Working with a child’s internal development clock
There is an optimum time when each particular child is ready to learn to read, usually between the ages of 6 to 9. All children, however, are ready to learn about the world around them.
In the school district’s experiment, the “reading” group of children spent their time learning skills that were very hard for them developmentally at that time but that would become fairly easy for them to pick up a few months or years later. The “science” group of children spent that same time developing learning hooks.
Later, when the children’s reading material become demanding at the third-grade level, the “science” group of children had a rich supply of learning hooks to grasp the new material firmly. The “reading” group had missed out.
Seeing the issue for myself
Years after reading about this experiment, I had an opportunity to see for myself the results of pushing children into reading tasks before their optimal readiness time. About 15 years ago, I was working as a teaching artist under a special grant, coming to a public school once a week to teach students in kindergarten through third grade and in special education to compose their own poetry. Using what I’d learned as a homeschool mom, I worked with kids at whatever learning level I found them, and the students all became very excited about making up poetry.
I shared an office with the reading specialist. We often chatted and one day she told me that she and the staff could not figure out why, year after year, the school’s fifth graders seemed to give up on learning to read better.
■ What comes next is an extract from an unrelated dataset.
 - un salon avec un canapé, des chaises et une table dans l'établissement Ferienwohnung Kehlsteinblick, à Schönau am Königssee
“I think I know why,” I said. “When I go into the kindergarten classes, the kindergarten teachers are telling me how conflicted they feel because the state teaching requirements make them push the kindergartners into learning skills that they are developmentally too immature to manage. It starts in kindergarten, the state teaching requirements demand more and more, the kids get pushed before most of them are ready year after year, and finally by fifth grade, they are burnt out.”
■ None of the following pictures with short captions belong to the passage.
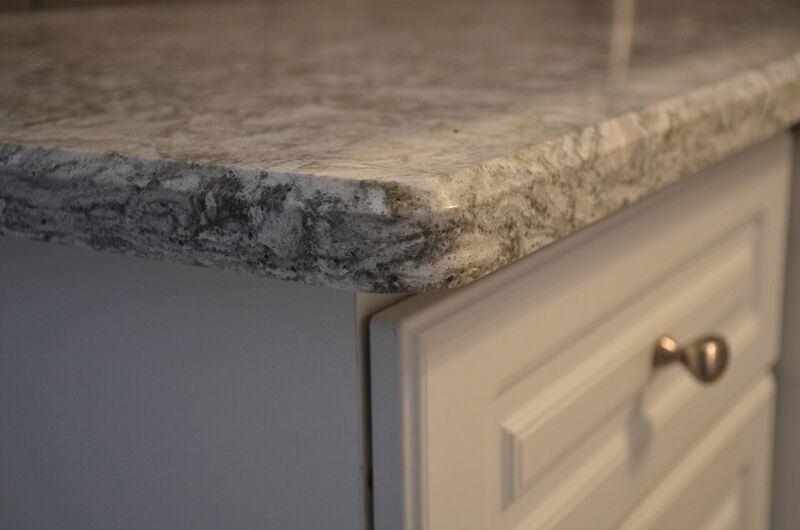 Mid-sized transitional u-shaped vinyl floor open concept kitchen photo in Toronto with an undermount sink, raised-panel cabinets, white cabinets, quartzite countertops, gray backsplash, glass tile backsplash, white appliances and a peninsula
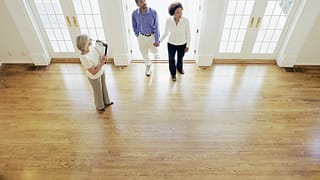 two people with realtor in house EOhMdBw.width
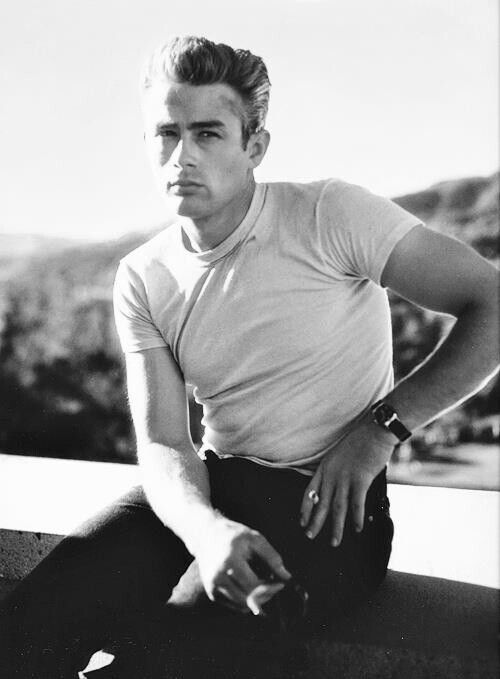 a black and white photo of a man sitting on a ledge with his hands on his hips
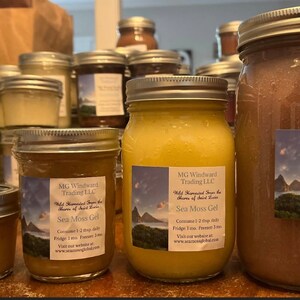 May include: A close-up of three glass jars filled with a yellow and brown gel. The jars have labels that read "MG Windward Trading LLC Wild Harvested Sea Moss from the Shores of Saint Lucia Sea Moss Gel Consume 1-2 tbsp daily Fridge: 1 mo Freezer: 1 mo Visit our website at www.seamosglobal.com".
Here are a few tips for parents who want to nourish their children’s love of learning:
Nurture your children. Love them with your eyes, your touch, your words, your focused attention; provide healthy routines and sound discipline; draw them alongside you in your work and leisure activities; talk to them, listen to them, encourage their special interests.
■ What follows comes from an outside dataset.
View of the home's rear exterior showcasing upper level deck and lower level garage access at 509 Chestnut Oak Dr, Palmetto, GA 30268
Provide quality toys that stimulate the imagination and help develop motor skills. Examples: blocks; building sets like Legos and Tinkertoys; sturdy cars, trucks, and trains; dolls and stuffed animals; puppets; puzzles; play dough, modeling clay and other art materials.
Take them on trips. Go to museums, parks, libraries, theaters and concert halls, construction sites, fairs and fiestas, ranches, farms and factories.
Give your children an appreciation for reading. Let them see you reading, and start reading them picture books when they are babies. Keep reading to them even after they can read for themselves.
Limit screen time. Spend the time instead playing, working, talking, listening, creating, reading, thinking or inventing ways to avoid boredom.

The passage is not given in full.